Without the pictures, give the listing below again exactly.
(Record excerpts)
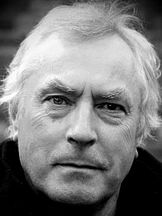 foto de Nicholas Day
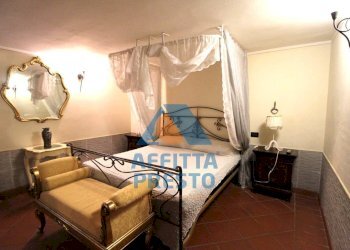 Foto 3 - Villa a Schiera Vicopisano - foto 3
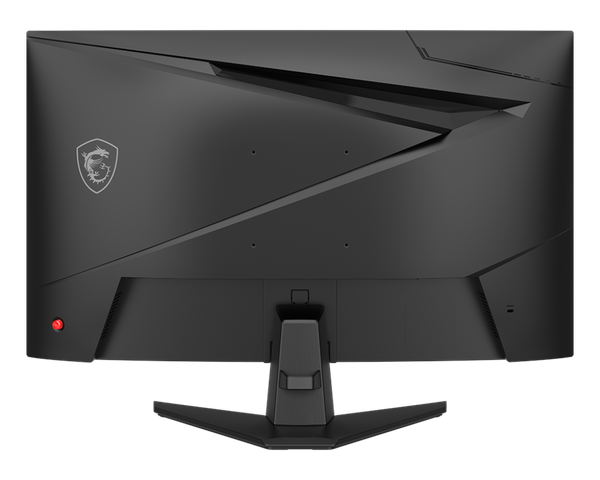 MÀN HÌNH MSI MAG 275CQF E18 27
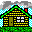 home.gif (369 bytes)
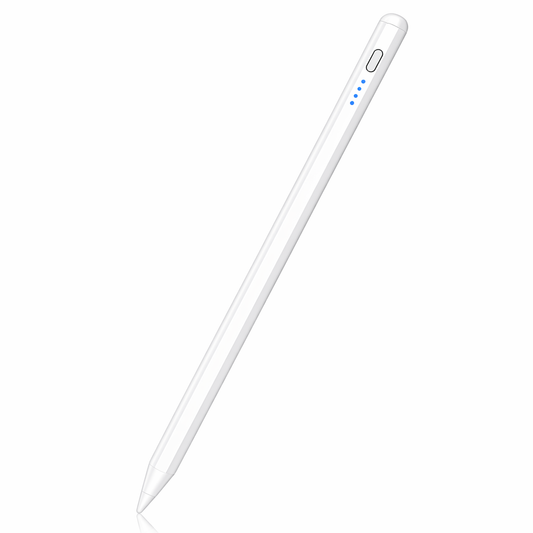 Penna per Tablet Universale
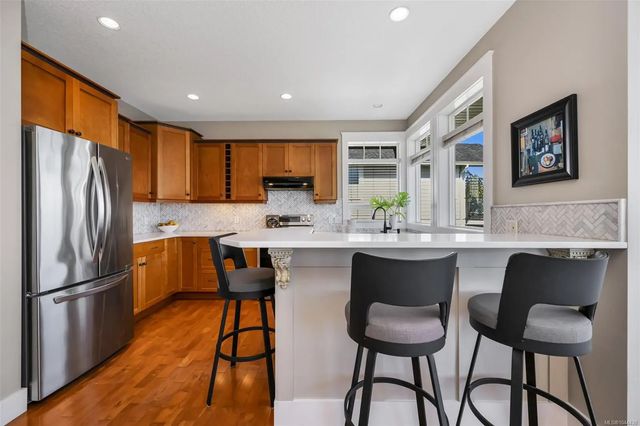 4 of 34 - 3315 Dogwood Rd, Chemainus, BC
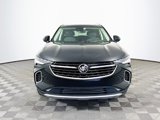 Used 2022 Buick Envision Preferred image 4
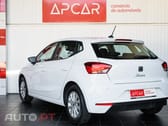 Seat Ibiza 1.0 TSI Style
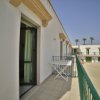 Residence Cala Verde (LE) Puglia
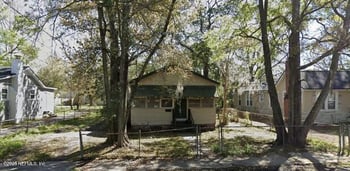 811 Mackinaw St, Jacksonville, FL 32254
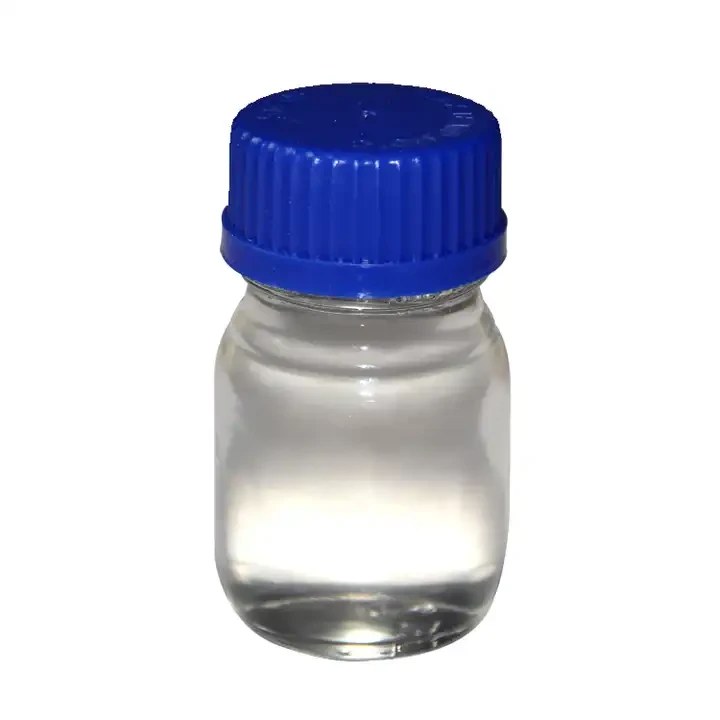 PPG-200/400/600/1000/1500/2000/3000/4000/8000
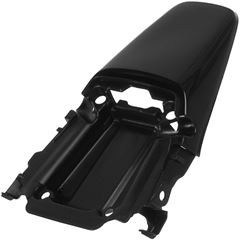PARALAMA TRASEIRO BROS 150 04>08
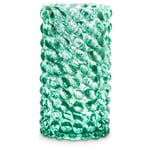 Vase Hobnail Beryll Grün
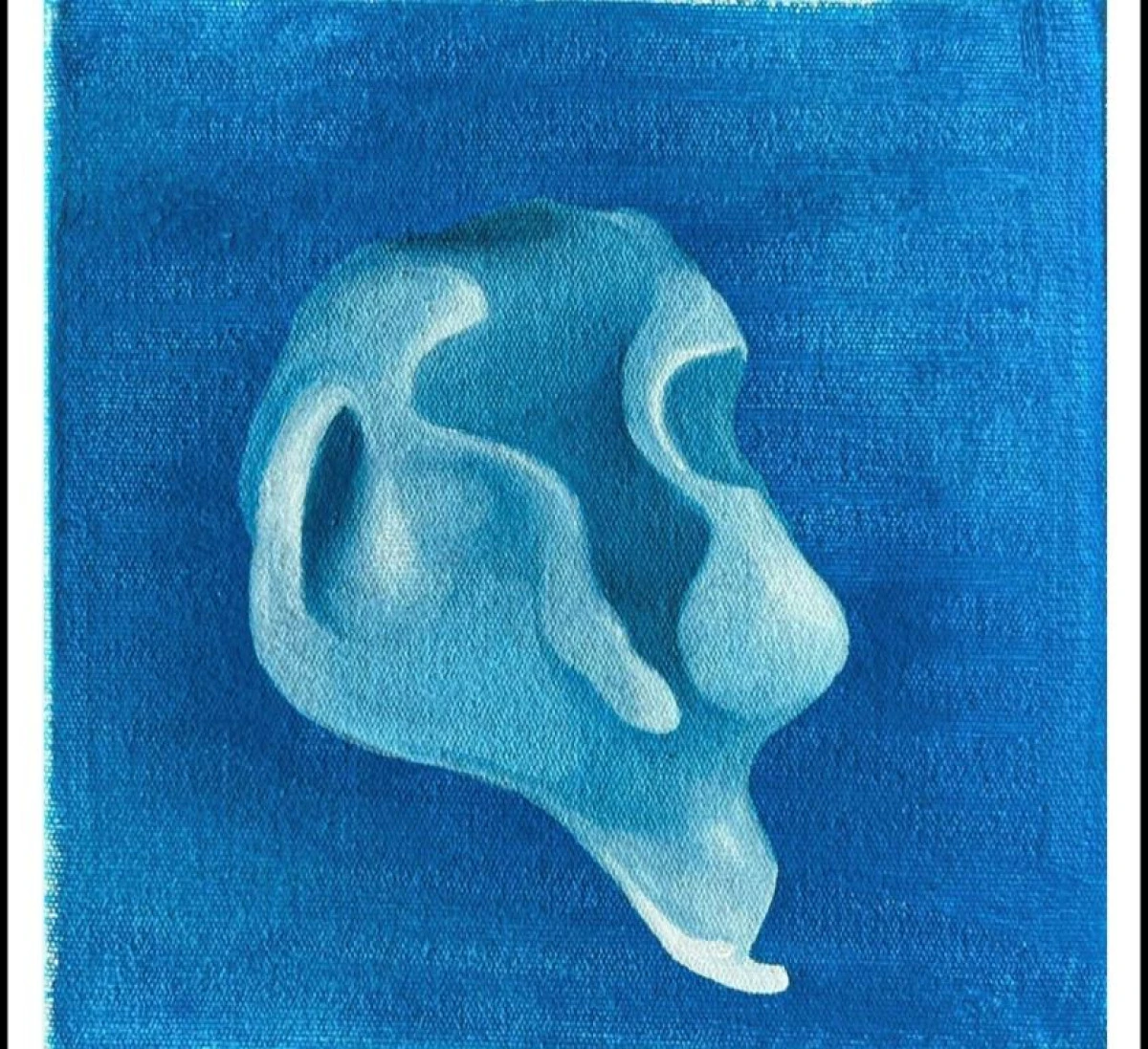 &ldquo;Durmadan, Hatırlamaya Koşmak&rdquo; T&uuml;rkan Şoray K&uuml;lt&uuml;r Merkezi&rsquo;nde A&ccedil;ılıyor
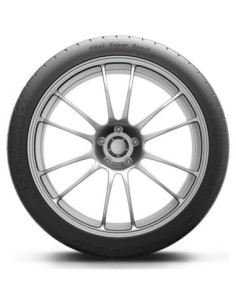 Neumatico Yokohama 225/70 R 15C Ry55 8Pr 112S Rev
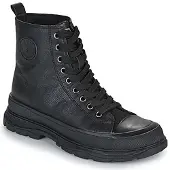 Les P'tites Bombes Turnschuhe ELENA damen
(End Record excerpts)
- [Response area]:
 foto de Nicholas Day
 Foto 3 - Villa a Schiera Vicopisano - foto 3
 MÀN HÌNH MSI MAG 275CQF E18 27
 home.gif (369 bytes)
 Penna per Tablet Universale
 4 of 34 - 3315 Dogwood Rd, Chemainus, BC
 Used 2022 Buick Envision Preferred image 4
 Seat Ibiza 1.0 TSI Style
 Residence Cala Verde (LE) Puglia
 811 Mackinaw St, Jacksonville, FL 32254
 PPG-200/400/600/1000/1500/2000/3000/4000/8000
PARALAMA TRASEIRO BROS 150 04>08
 Vase Hobnail Beryll Grün
 &ldquo;Durmadan, Hatırlamaya Koşmak&rdquo; T&uuml;rkan Şoray K&uuml;lt&uuml;r Merkezi&rsquo;nde A&ccedil;ılıyor
 Neumatico Yokohama 225/70 R 15C Ry55 8Pr 112S Rev
 Les P'tites Bombes Turnschuhe ELENA damen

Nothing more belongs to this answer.